◆ **Task prompt**:
Reproduce exactly the lines from the one containing "LG 530 Litre" through the last line of the data, both ends included.

◆ **Dataset extract**:
'''

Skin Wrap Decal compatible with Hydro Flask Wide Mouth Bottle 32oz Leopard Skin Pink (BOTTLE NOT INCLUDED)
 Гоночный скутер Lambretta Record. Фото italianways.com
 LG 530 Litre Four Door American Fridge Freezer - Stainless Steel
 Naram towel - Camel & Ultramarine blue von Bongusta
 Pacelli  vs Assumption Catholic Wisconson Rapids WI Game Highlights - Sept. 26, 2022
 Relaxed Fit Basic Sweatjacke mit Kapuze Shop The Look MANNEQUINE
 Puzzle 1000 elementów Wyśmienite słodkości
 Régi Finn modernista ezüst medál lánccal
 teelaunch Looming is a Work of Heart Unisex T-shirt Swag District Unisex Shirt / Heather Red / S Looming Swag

'''

◆ **Answer**:
 LG 530 Litre Four Door American Fridge Freezer - Stainless Steel
 Naram towel - Camel & Ultramarine blue von Bongusta
 Pacelli  vs Assumption Catholic Wisconson Rapids WI Game Highlights - Sept. 26, 2022
 Relaxed Fit Basic Sweatjacke mit Kapuze Shop The Look MANNEQUINE
 Puzzle 1000 elementów Wyśmienite słodkości
 Régi Finn modernista ezüst medál lánccal
 teelaunch Looming is a Work of Heart Unisex T-shirt Swag District Unisex Shirt / Heather Red / S Looming Swag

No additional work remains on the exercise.